DIRECTIONS -> For this exercise, please return exactly the line containing "A small harbor" and each line after it through the end of the records, with no pictures included.

Data extracted from a collection
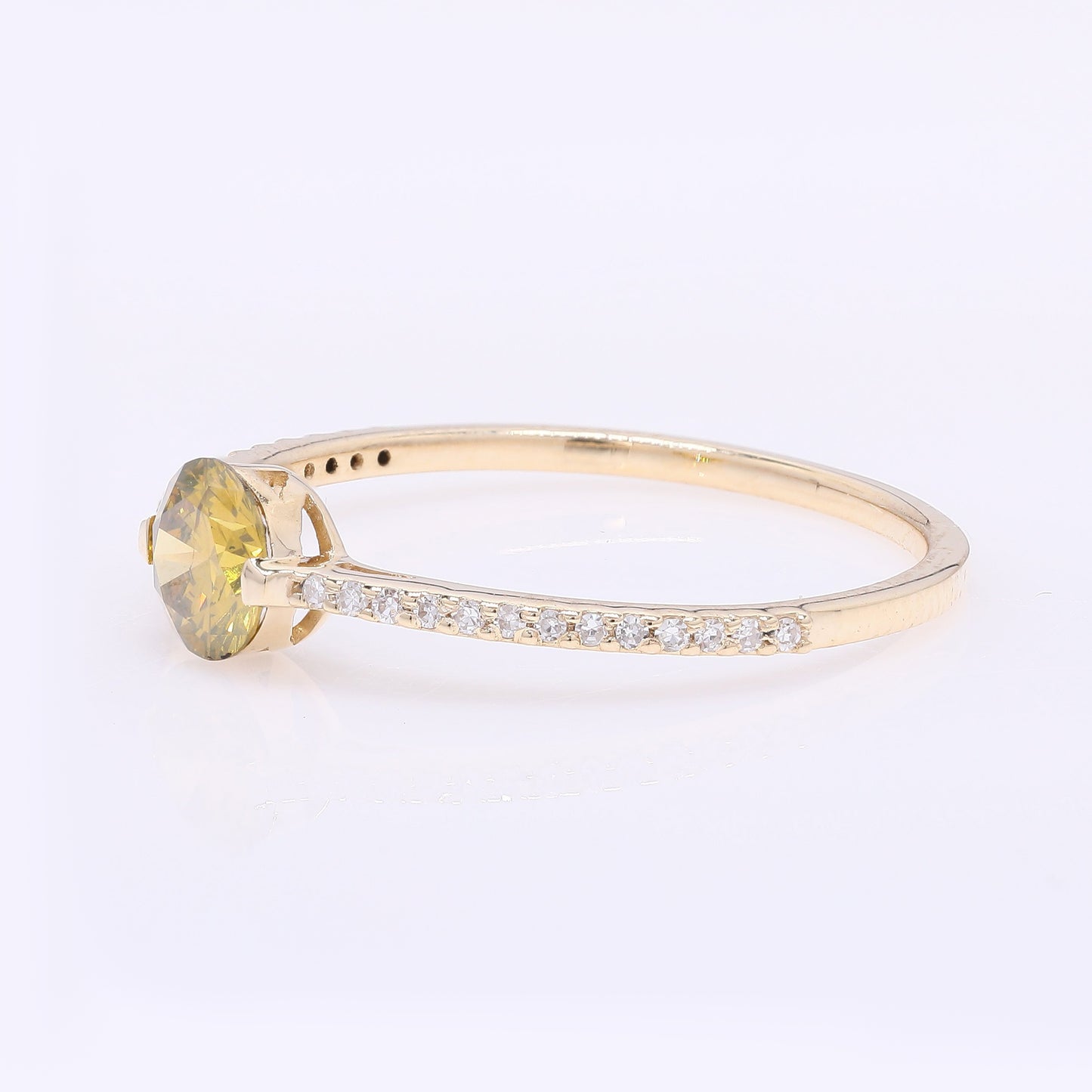 0.57 Ct Round Yellow Diamond 14K Gold Ring
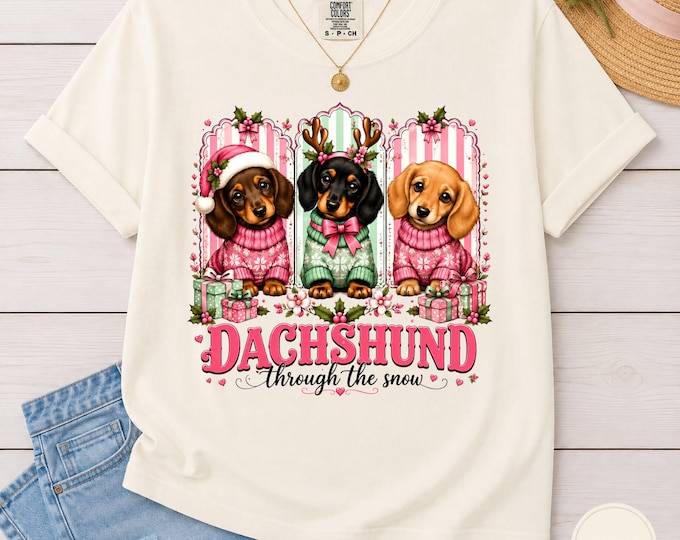 Dachshund Through the Snow Christmas Shirt | Wiener Dog Tee | Pink Coquette Puppy Graphic | Festive Pet Mom Gift | Comfort Colors Top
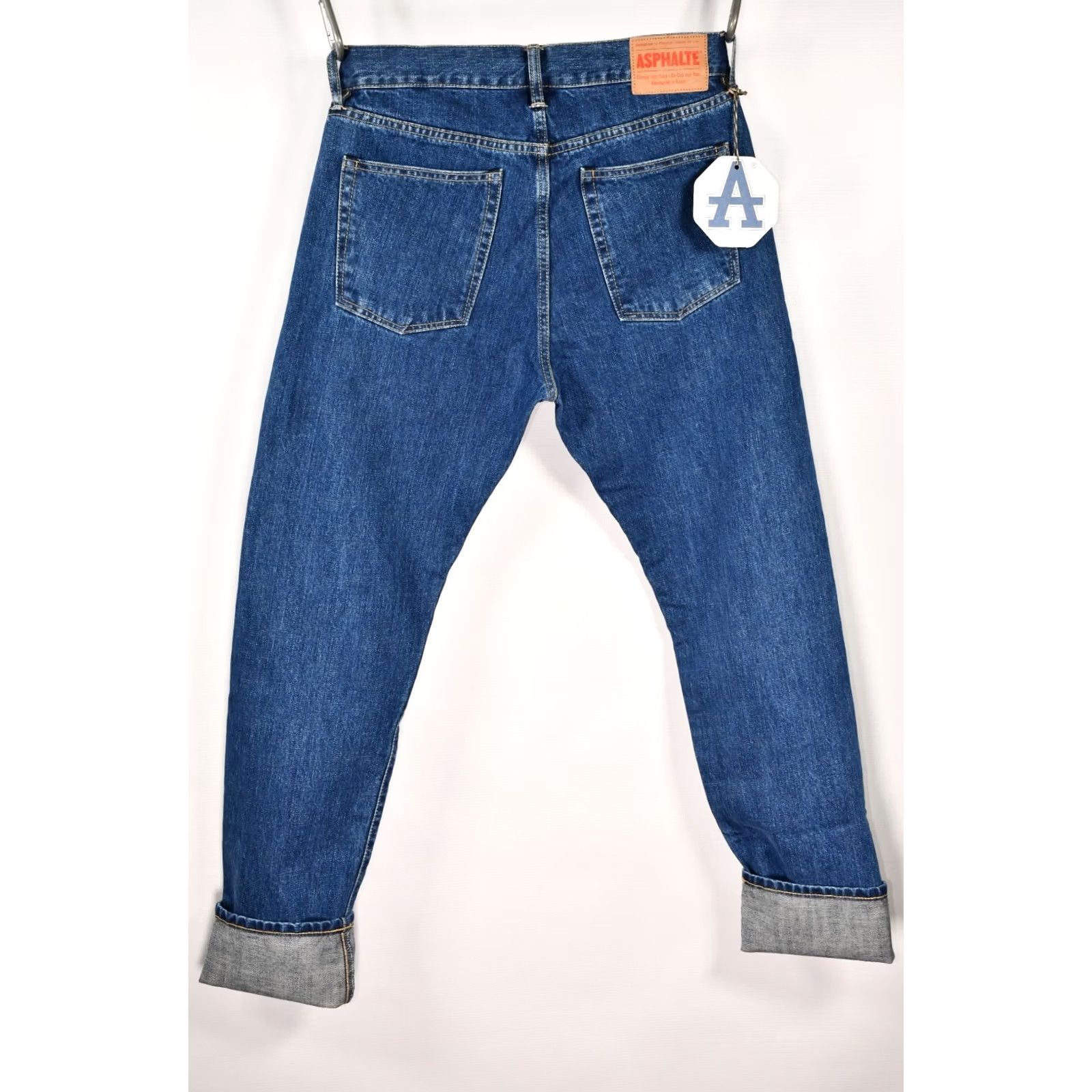 Denime ASPHALTE Candiani Selvedge Denim Jeans Men W32 5-Pocket Design Blue Cotton Regular Inseam 32.68 inch INSEAM 32” W32 Blue Denim Jeans Mens Size US 32 / EU 48 - 3 Thumbnail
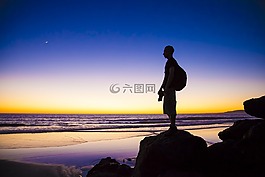 海灘,男子,海洋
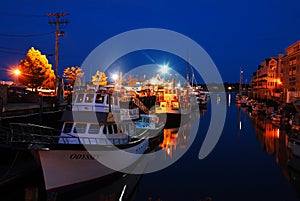 A small harbor is Portland Maine appears calm at dusk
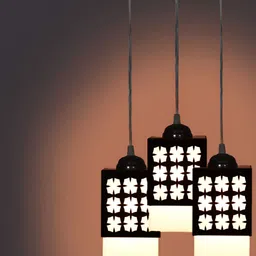 Gojeeva Black Wood Square Shaped Wall Lamp-image-78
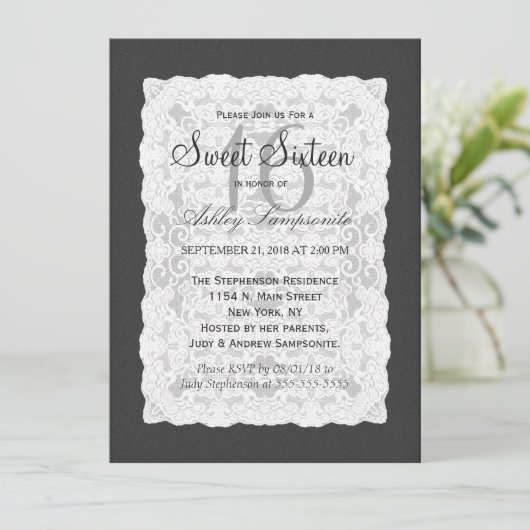 白エレガントのレース 招待状 (スタンド正面)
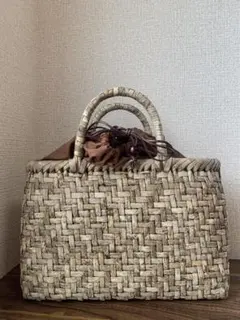 【中古品☆竹】美品！和洋兼用！網代籠バック 網代編みバッグ 2L 交色(約W32cm×H23cm×D11cm)ファッション小物 工芸品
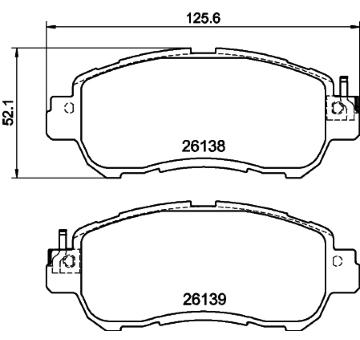 Sada brzdových destiček, kotoučová brzda HELLA 8DB 355 040-571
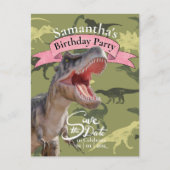 T Rex, Muster Geburtsmädchen Postkarte (Vorderseite)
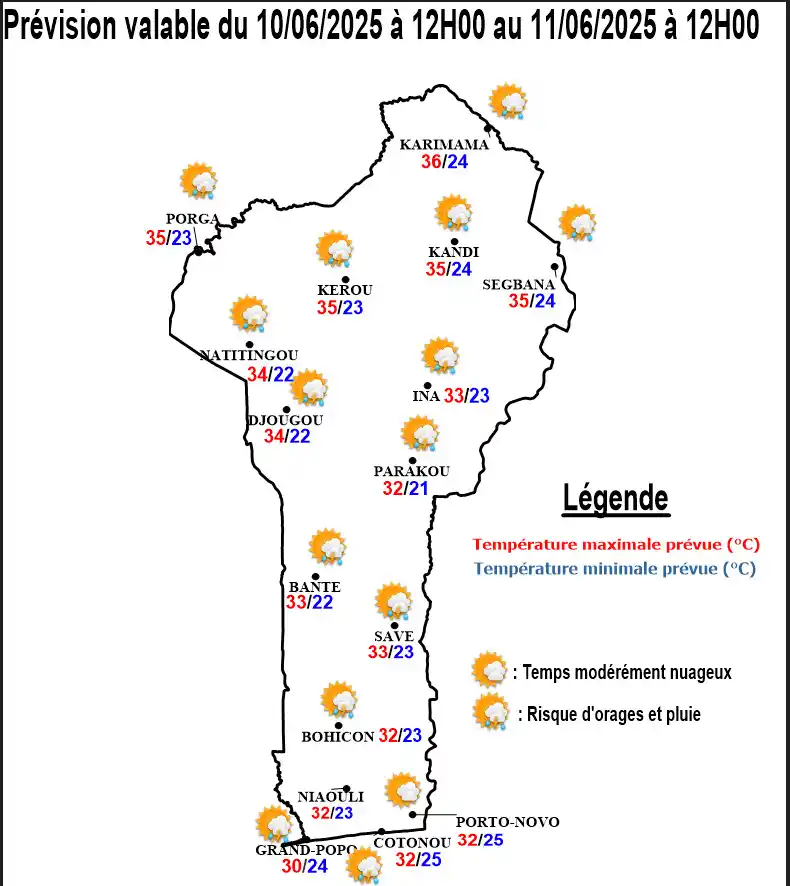 Image from METEO-BENIN: 🌤Prévision Bénin 10/06-11/06: Mardi après-midi ensoleillé☀️sur la gr...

RESULT ->
 A small harbor is Portland Maine appears calm at dusk
 Gojeeva Black Wood Square Shaped Wall Lamp-image-78
 白エレガントのレース 招待状 (スタンド正面)
 【中古品☆竹】美品！和洋兼用！網代籠バック 網代編みバッグ 2L 交色(約W32cm×H23cm×D11cm)ファッション小物 工芸品
 Sada brzdových destiček, kotoučová brzda HELLA 8DB 355 040-571
 T Rex, Muster Geburtsmädchen Postkarte (Vorderseite)
 Image from METEO-BENIN: 🌤Prévision Bénin 10/06-11/06: Mardi après-midi ensoleillé☀️sur la gr...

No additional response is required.